--- START ---

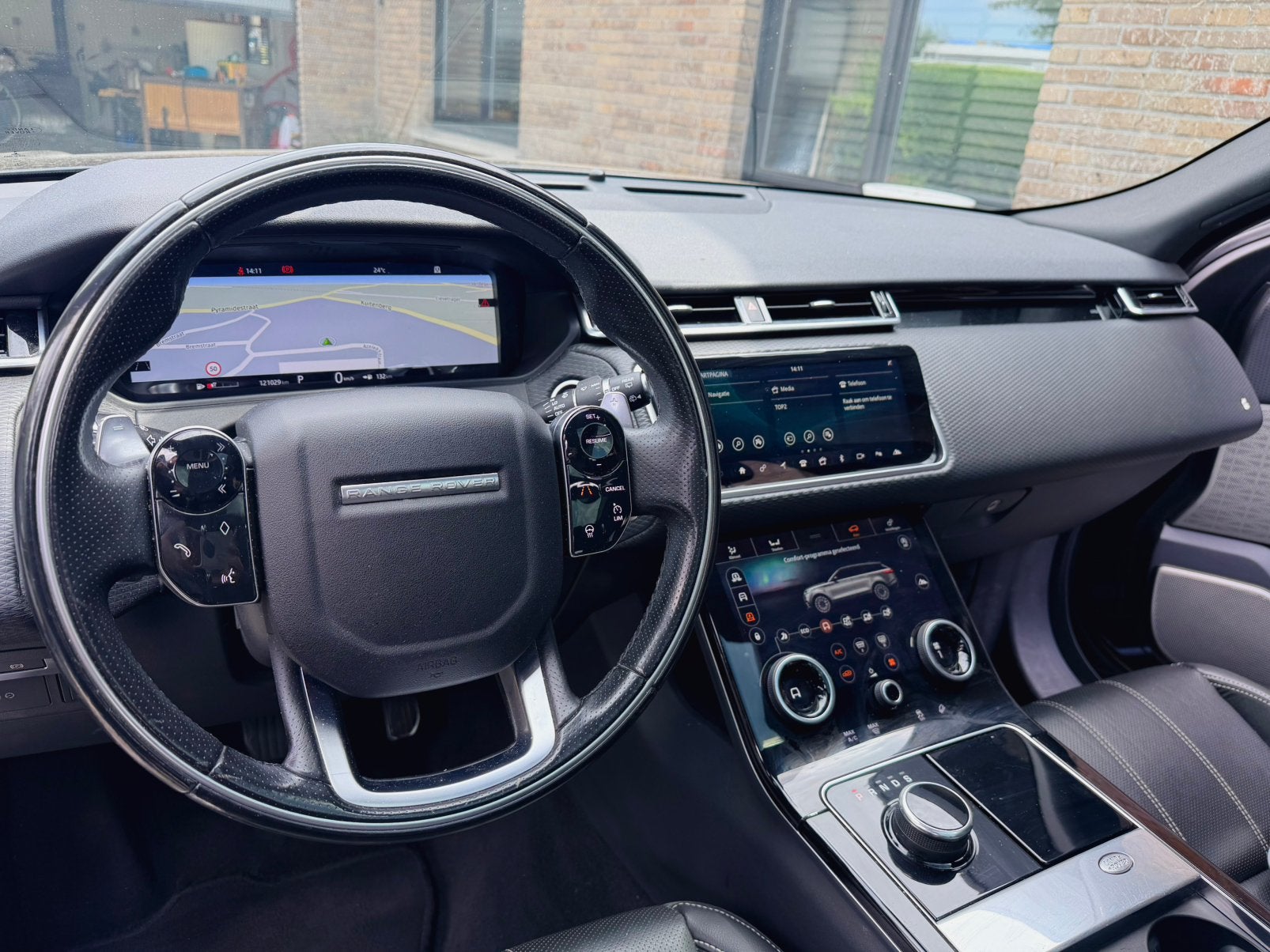 Range Rover Velar R-dynamic - CARPLAY Full optie-240pk 2.0d, Automaat, Range Rover Velar, Zwart, Leder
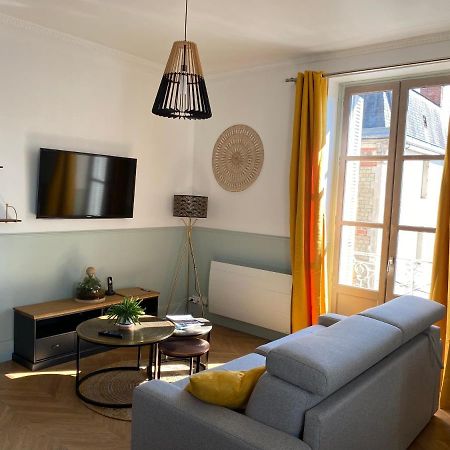 Magnifique Appartement Climatise - Classe 4 Etoiles Terrasson Exterior foto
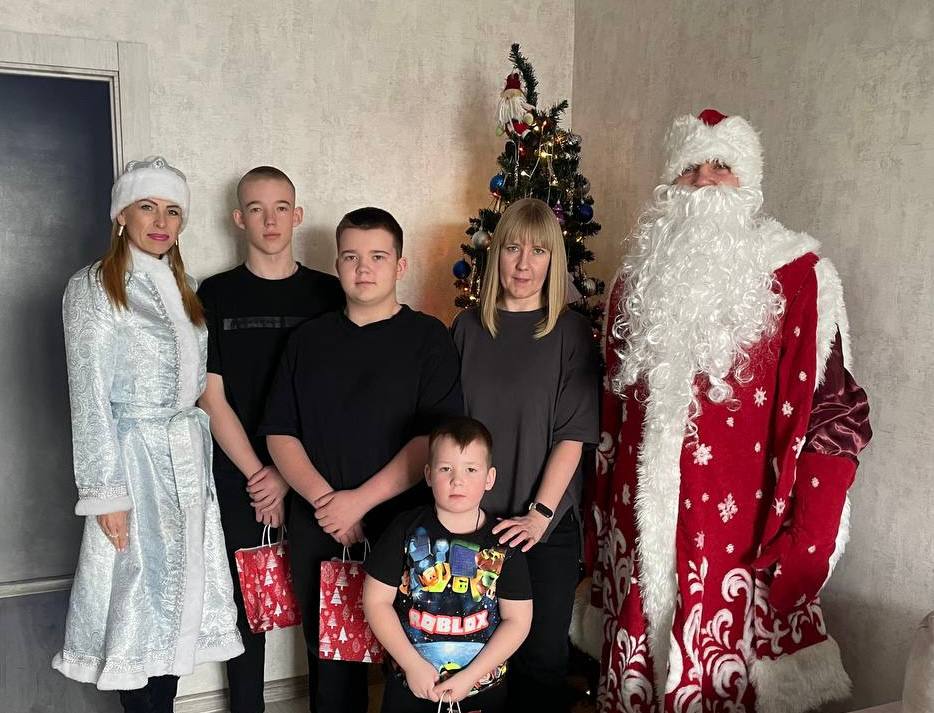 В Новосибирске Полицейский Дед Мороз поздравил семью участника СВО Руслана Маматова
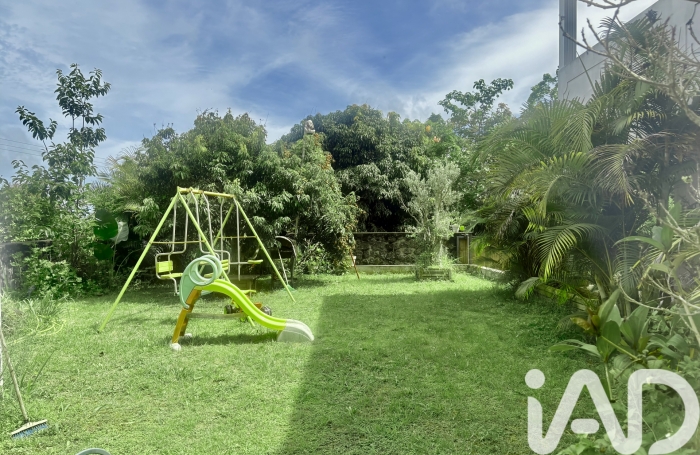 Vente Maison 115m&sup2; 4 pièces Saint Gilles Les Hauts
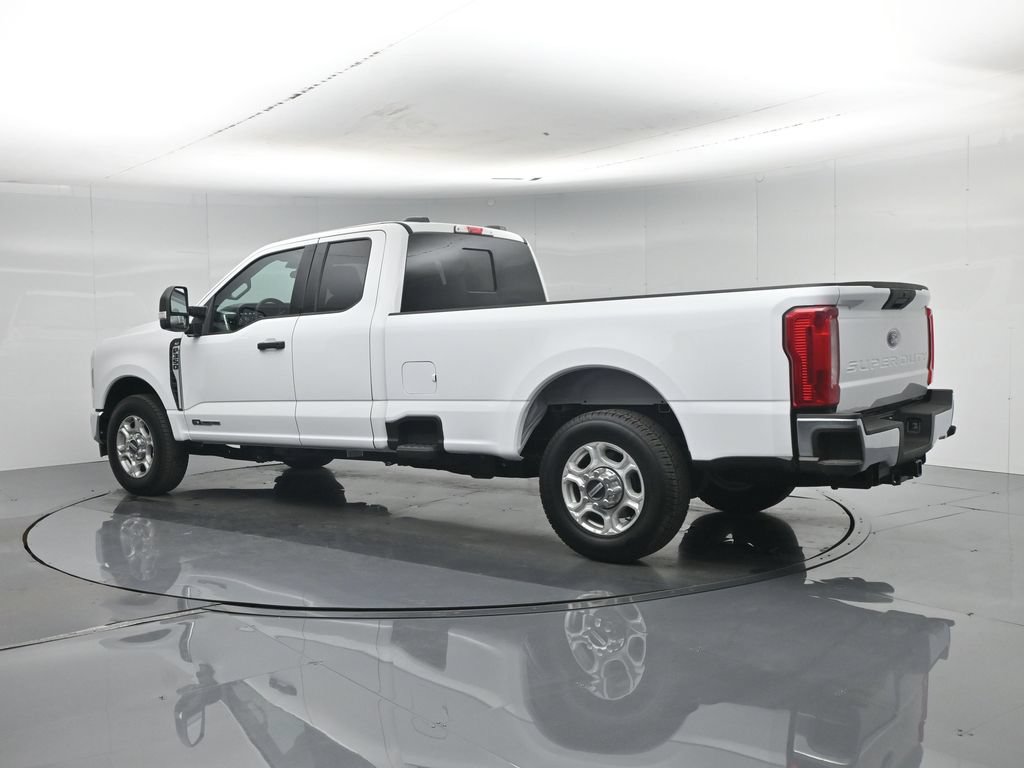New 2026 Ford F350 XLT RWD image 6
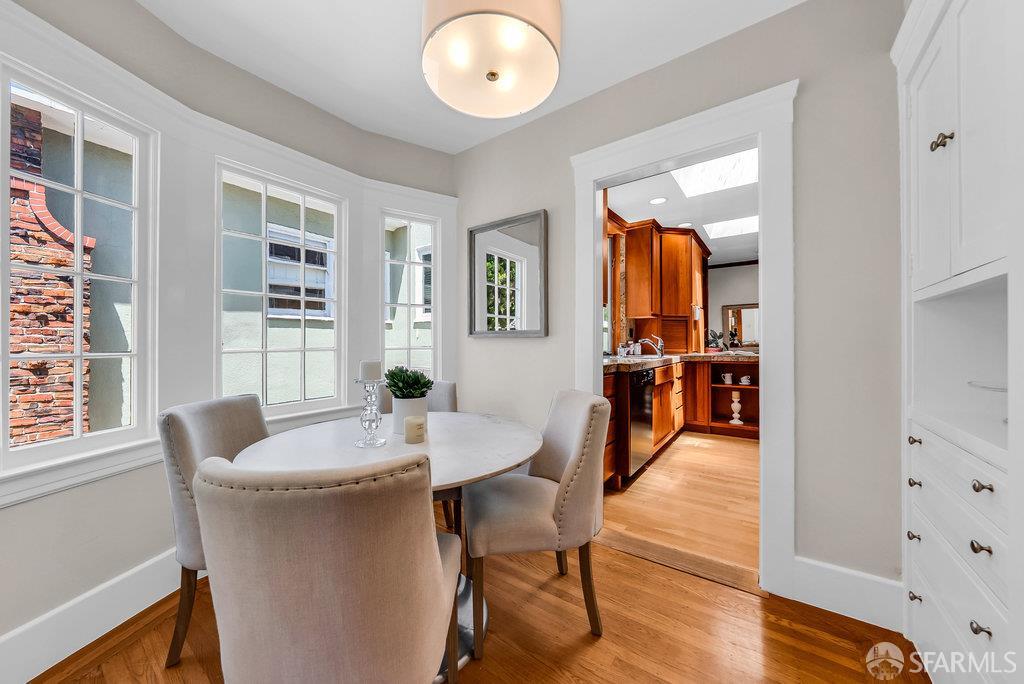 San Francisco, California 94112, United States, 2 Bedrooms Bedrooms, ,1 BathroomBathrooms,Residential,Pending,186858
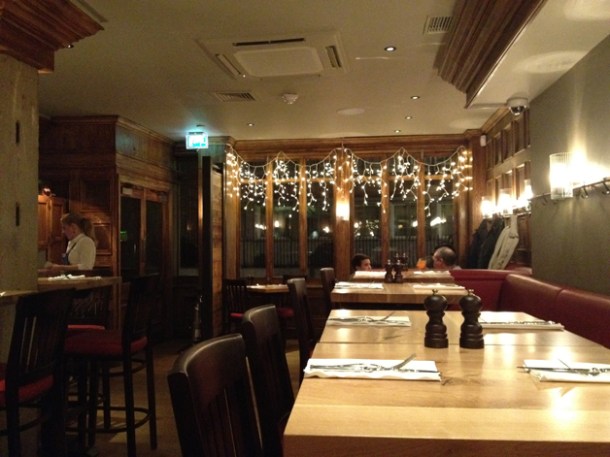 interior of burger & lobster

--- END ---

**THE TASK:** The required result is the entries above, printed exactly from the first line through the line with "В Новосибирске Полицейский", pictures excluded.

**EXERCISE ANSWER:**
 Range Rover Velar R-dynamic - CARPLAY Full optie-240pk 2.0d, Automaat, Range Rover Velar, Zwart, Leder
 Magnifique Appartement Climatise - Classe 4 Etoiles Terrasson Exterior foto
 В Новосибирске Полицейский Дед Мороз поздравил семью участника СВО Руслана Маматова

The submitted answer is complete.